Brevard playwright adapting her stage show for Netflix film

‘Amy and the Orphans’ is based on Lindsey Ferrentino’s family story

BREVARD COUNTY, Fla. – Playwright Lindsey Ferrentino is thrilled she can finally announce her latest project in the works: She’s teamed up with Netflix to direct a film adaptation of her stage show, “Amy and the Orphans.”

“It was really, really thrilling ‘cause I’ve always wanted to write and direct my own stories and it’s something that I’ve been building towards for a long time,” the 32-year-old said.

Ferrentino was born in New York but grew up in Brevard County, gradating from Merritt Island High School. She said this project has been months of planning slowed by the pandemic.

“Jason Bateman’s film company had been really interested not just in the play but in allowing me to be a first-time filmmaker working on it and so we developed a pitch, we brought it to Netflix,” Ferrentino said.

“Amy and the Orphans” is an original play Ferrentino wrote several years ago based on a personal story.

“It’s a play that’s about my family and my family’s history. It’s very personal to me. It’s about my aunt who had Down syndrome,” she said. “I am hoping to do the play justice and to be able to make it feel like a movie because it started as a play, so you really want for the movie to have its own identity and not just feel like you’ve filmed the play.”

“Amy and the Orphans” first premiered in 2018 at the Roundabout Theatre in New York City.

“I just really want the audience to come and see a story about someone with Down syndrome and spend time with someone with Down syndrome in a way that maybe most people haven’t gotten to do in their daily lives,” she said.

Lindsey Ferrentino, 32, is adapting her play "Amy and the Orphans" for a Netflix film. (WKMG 2021)

And making sure the people in her plays or movies are well represented is what Ferrentino said she strives to do.

“It’s sort of, for me, the most important thing that I’ve been working on for a long time across a number of my projects,” she said. “There’s just no way you cannot cast someone who had Down syndrome to both bring the life experience and the realism to that so and there just aren’t a lot of roles for people with Down syndrome and there are a lot of actors who are incredibly talented all across the country. There’s a huge community of actors, not just Down syndrome, but with all levels of different levels of developmental disabilities, intellectual disabilities.”

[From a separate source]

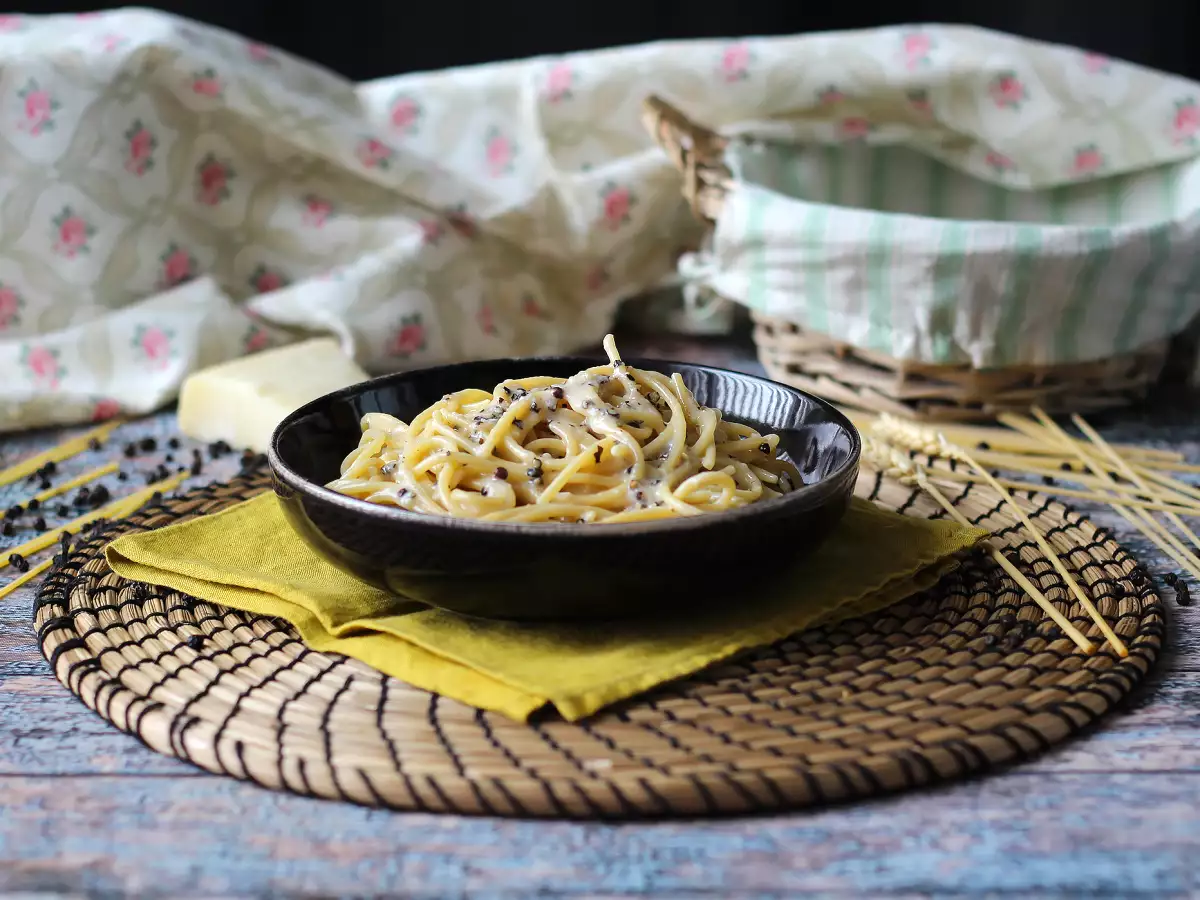 Σπαγγέτι cacio e pepe: 3 υλικά, μια έκρηξη γεύσης! - φωτογραφία 2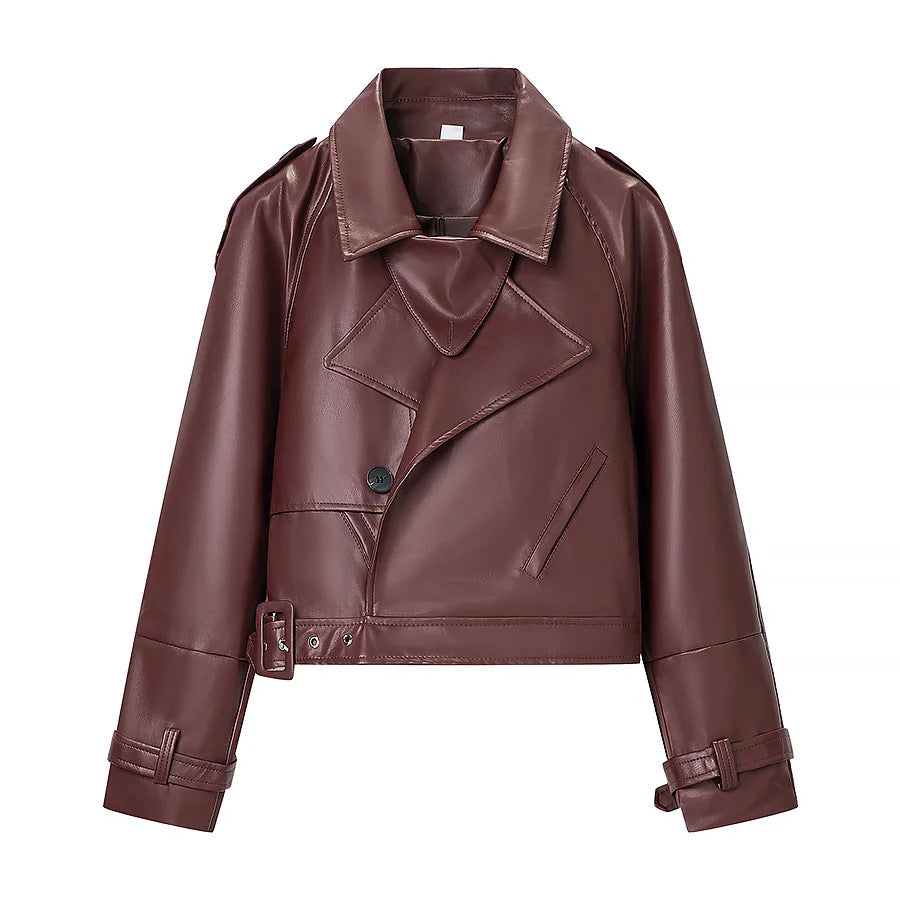 Damen nan kurzer taillierter Bikerblouson aus veganem Lederimitat mit Schalkragen, Taillengürtel und verstellbaren Manschetten Drune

The playwright has been spending the past year in Brevard County with her family and friends ever since the pandemic forced Broadway to shut down. She said it’s given her time to continue her passion for writing and working on future projects.

“I’m on a number of different movies, developing a few things for TV and a few musicals, plays,” she said.

As for women in the film and theater industry, Ferrentino said she doesn’t focus on her gender and the impact it has but after all is said and done, she said she realizes the difference.

“You don’t think about it, you’re in rehearsals, you’re in the theater, you’re being invited into the community, so you don’t think about it but then you look back sort of with time and space and you see the breakdown,” she said. “It’s something that the longer I’ve been doing it, the more I’ve been aware of it.”

A 2019 study by the Asian American Performers Action Coalition found that across New York’s stages, 75.4% of playwrights included in the survey were male and 24.6% were female.

According to San Diego State University’s Center for the Study of Women in Television in Film, women accounted for 18% of directors in top 250 films last year, an increase from 13% in 2019. Women made up 21% of directors, writers, producers, executive producers, editors and cinematographers working on the top 100 grossing films in 2020, a slight bump from 20% in 2019.

The number of female playwrights and directors is growing, Ferrentino said, but it’s different for small community theaters.

“New York is getting better. New York is getting much more diverse not just in terms of gender but race and identity, but the country as a whole has a long way to go in terms of what plays are being produced at regional theaters and at smaller theaters across the country,” she said.